··· DATA TO USE ···

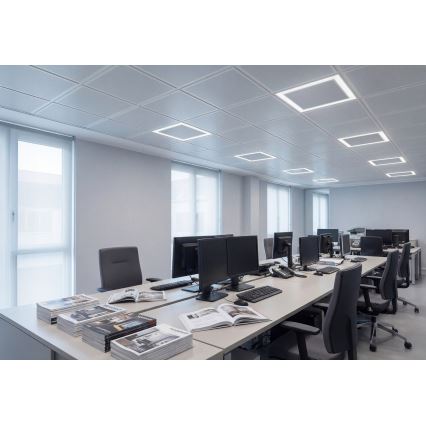 LED-inbyggnadsram för undertak AVAR LED/32W/230V 3000/4000/6000K 60x60 cm UGR19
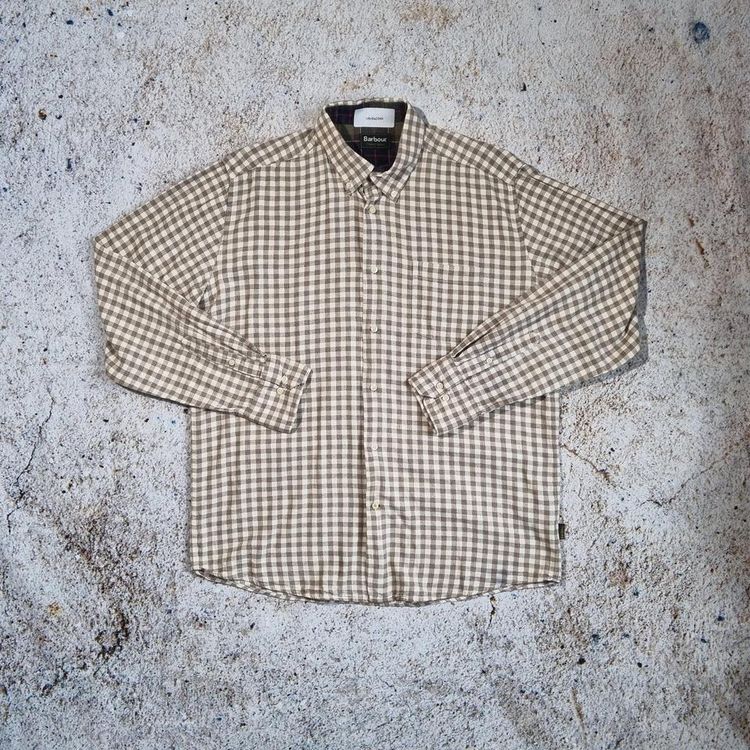BARBOUR SHIRT CLASSIC TARTAN RANGE - Beige - Size L
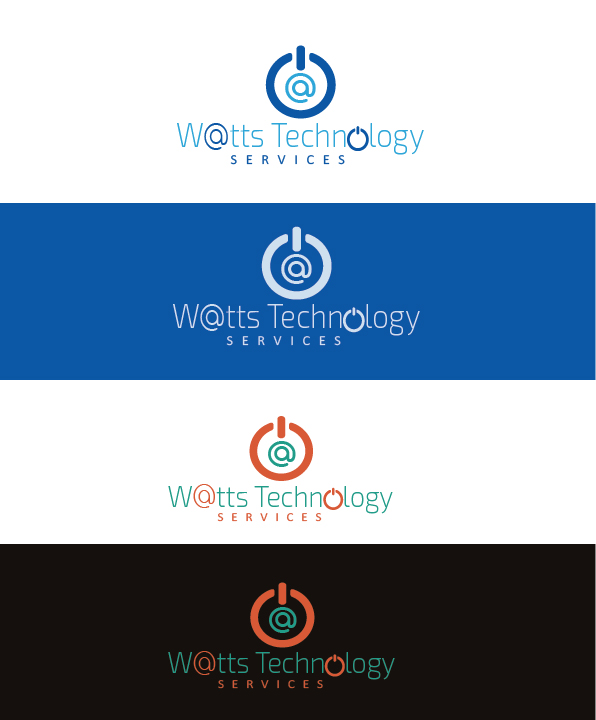Logo Design by humibest for Watts Technology Services | Design #6054773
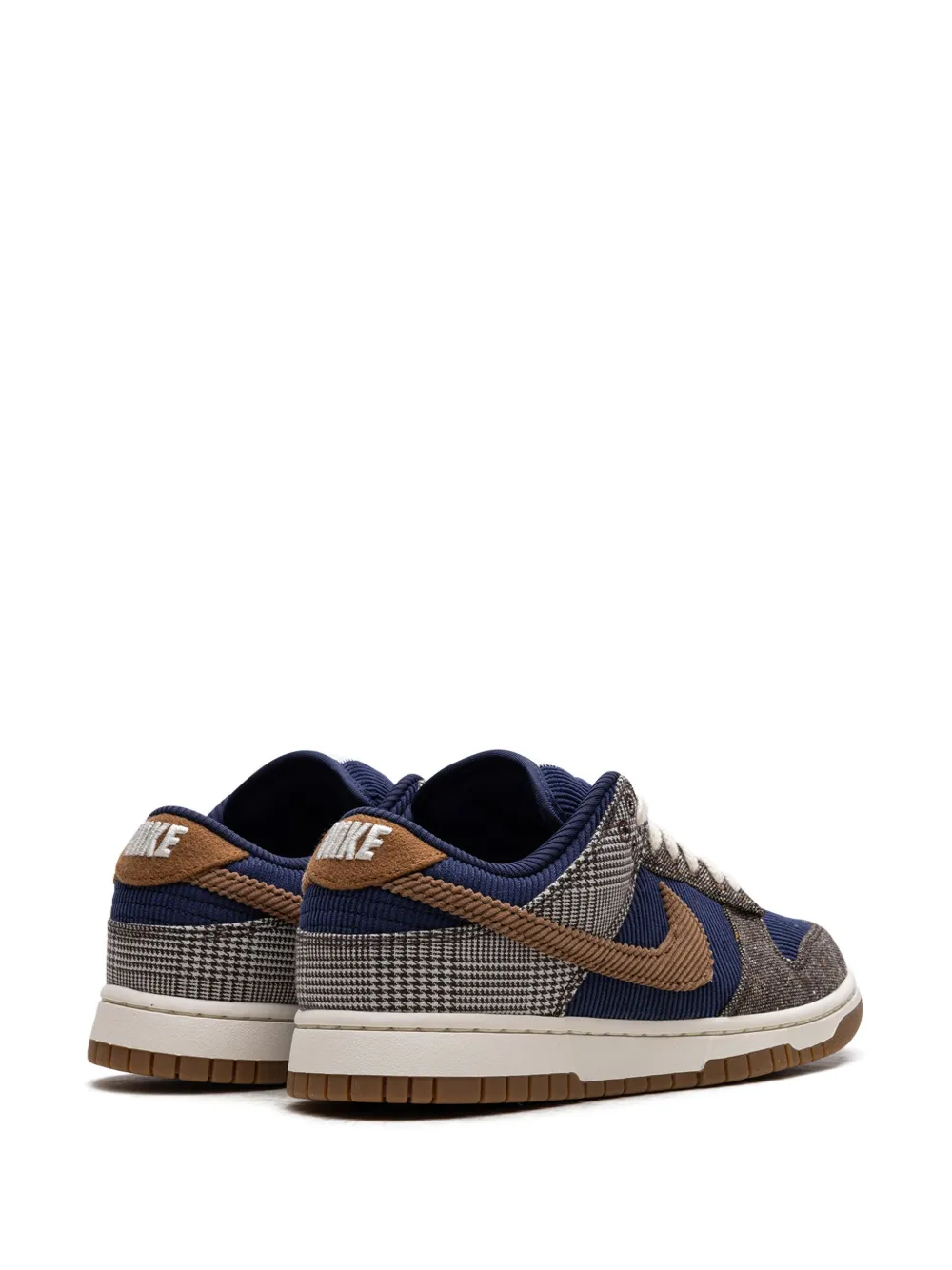 Кроссовки Dunk Low Tweed Corduroy Nike, синий — фото 3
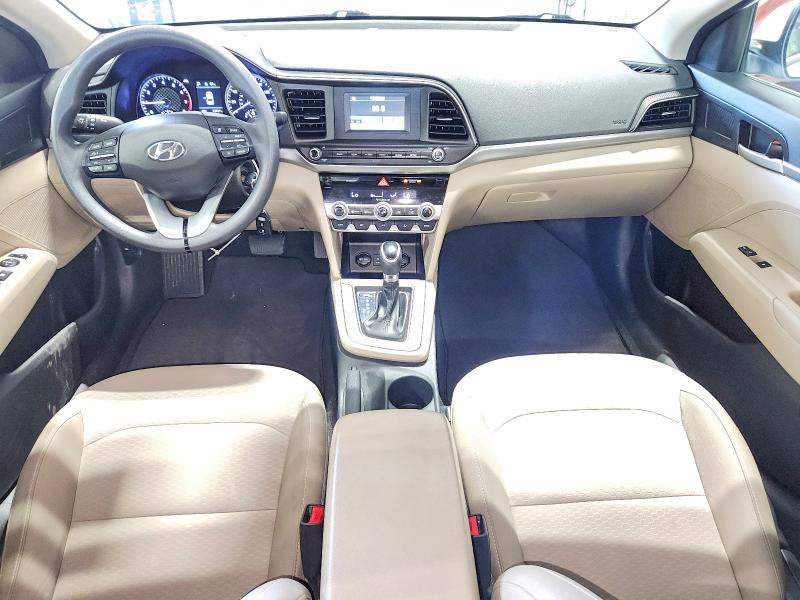 63421176 :رقم المزاد ، 5NPD74LFXLH606773 vin ، 2020 Hyundai Elantra مزاد بيع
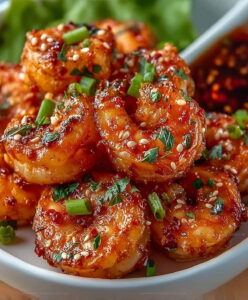 Crispy Air-Fryer Firecracker Shrimp Recipe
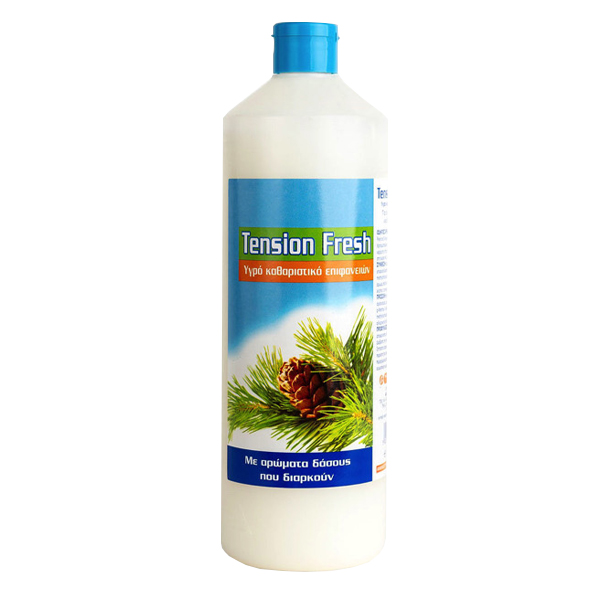 TENSION FRESH ΚΑΘΑΡΙΣΤΙΚΟ ΕΠΙΦΑΝΕΙΩΝ 900ml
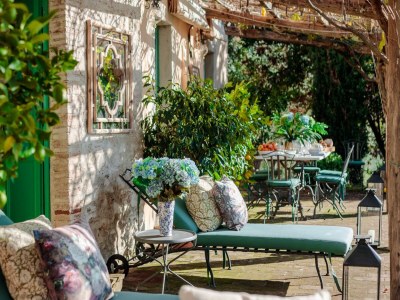 Villa Villa in Tuscany with Infinity Pool and Views - Outdoor photo 12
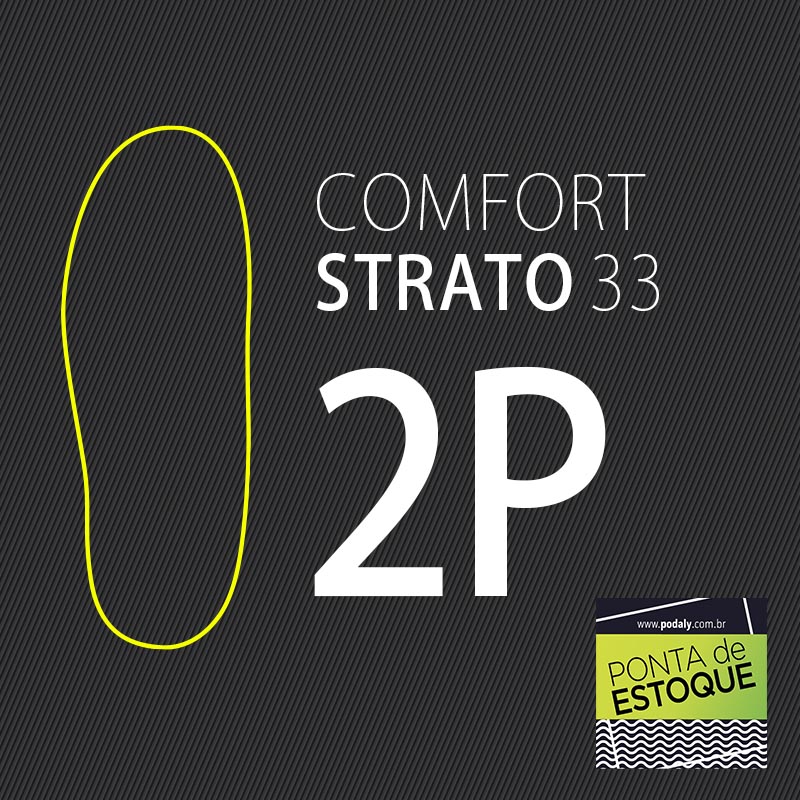 PALMILHA COMFORT STRATO COM COBERTURA EVAPOD33 2P • PONTA ESTOQUE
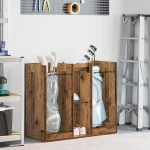 vidaXL Ντουλάπι Γκολφ Μονόχρωμο Παλιό ξύλο 102 x 45 x 85,5 εκ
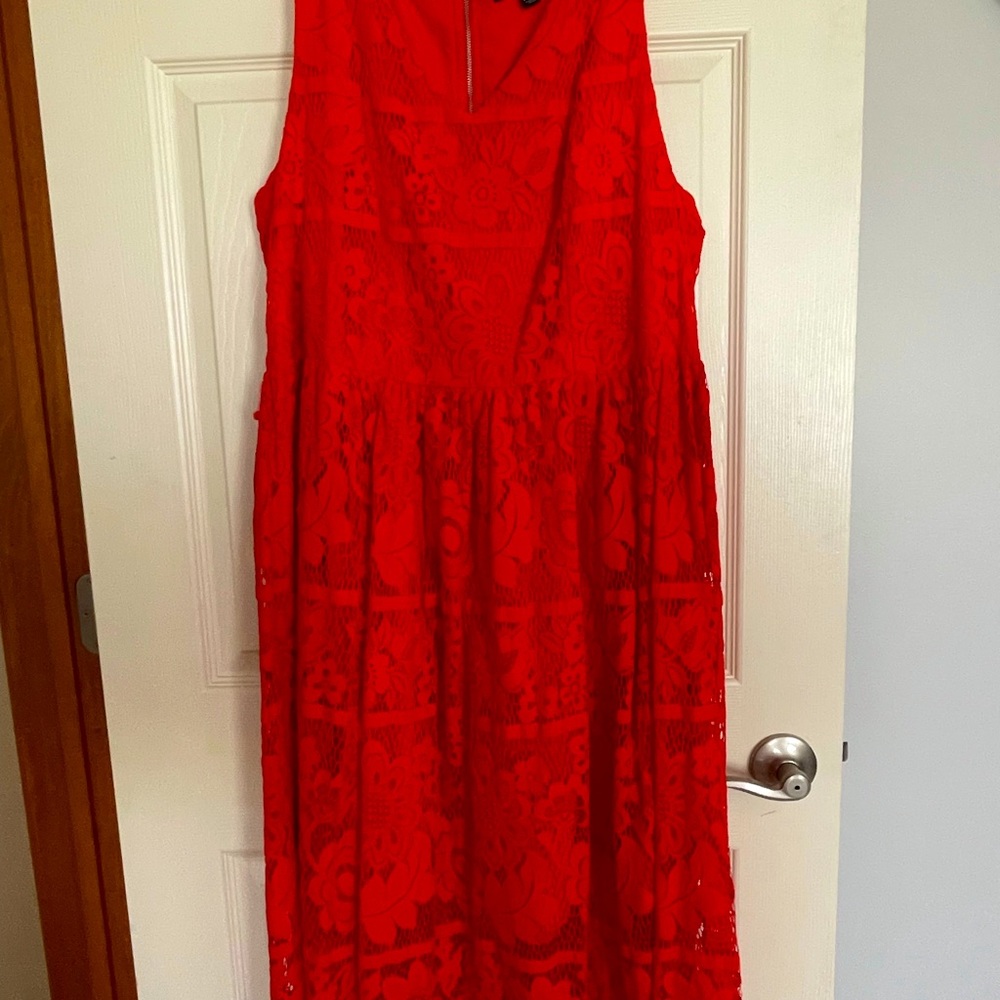 Lace dress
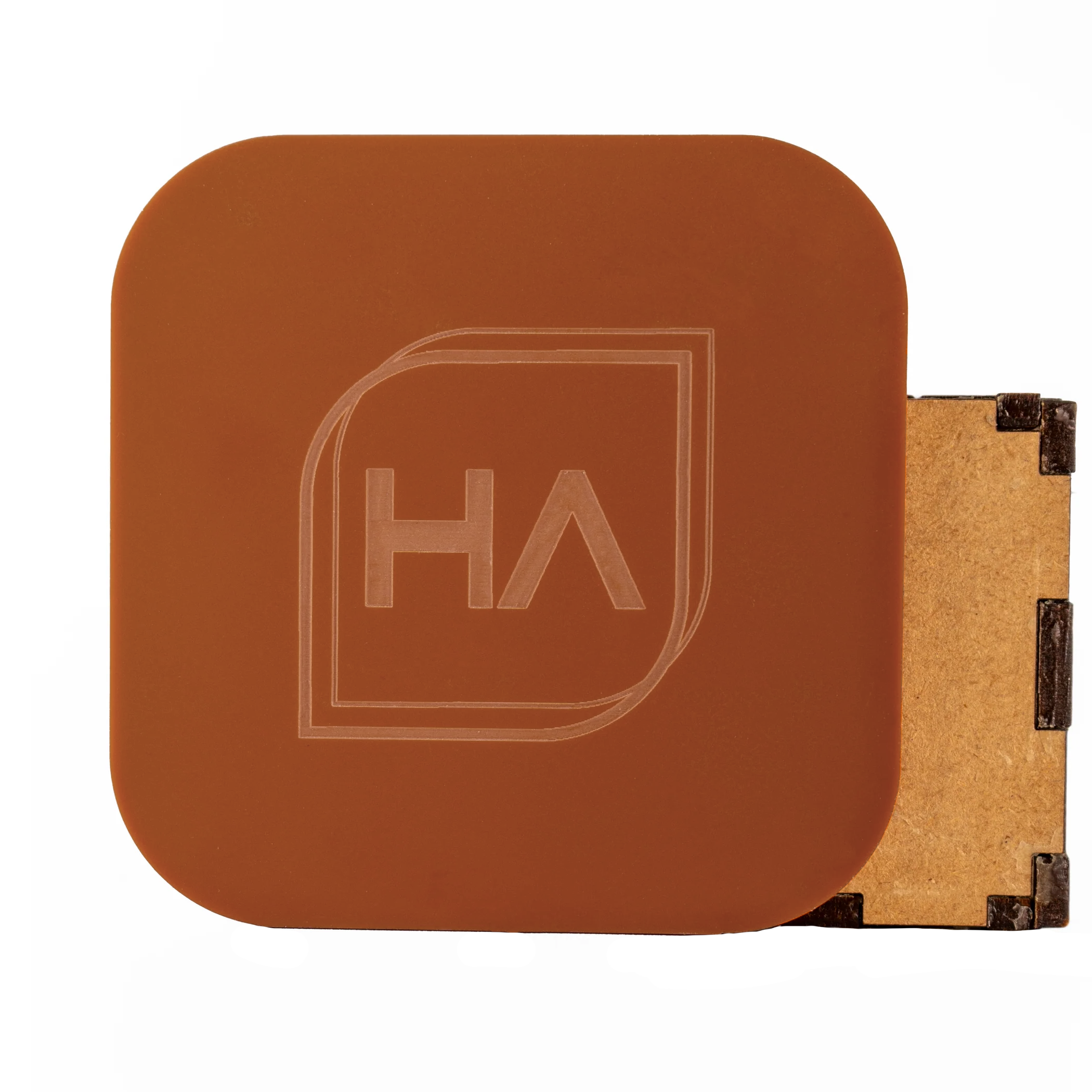 1/8" Matte Sienna Cast Acrylic Sheet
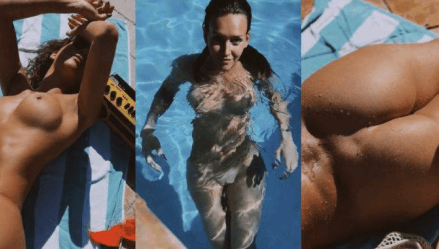 Rachel Cook Nude Pool PPV Video Leaked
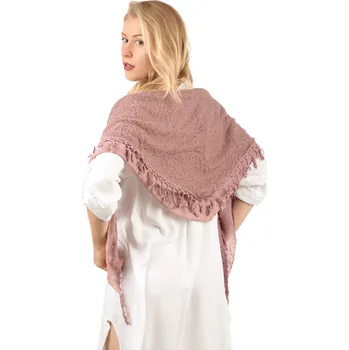 Šátek TopMode Šátek s krajkou 848300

···

WHAT THE TASK REQUIRES: Return only the lines that start at the line containing "Villa Villa in" and finish at the last line of the entries, exactly as written and without pictures.

TASK RESULT:
 Villa Villa in Tuscany with Infinity Pool and Views - Outdoor photo 12
 PALMILHA COMFORT STRATO COM COBERTURA EVAPOD33 2P • PONTA ESTOQUE
 vidaXL Ντουλάπι Γκολφ Μονόχρωμο Παλιό ξύλο 102 x 45 x 85,5 εκ
 Lace dress
 1/8" Matte Sienna Cast Acrylic Sheet
 Rachel Cook Nude Pool PPV Video Leaked
 Šátek TopMode Šátek s krajkou 848300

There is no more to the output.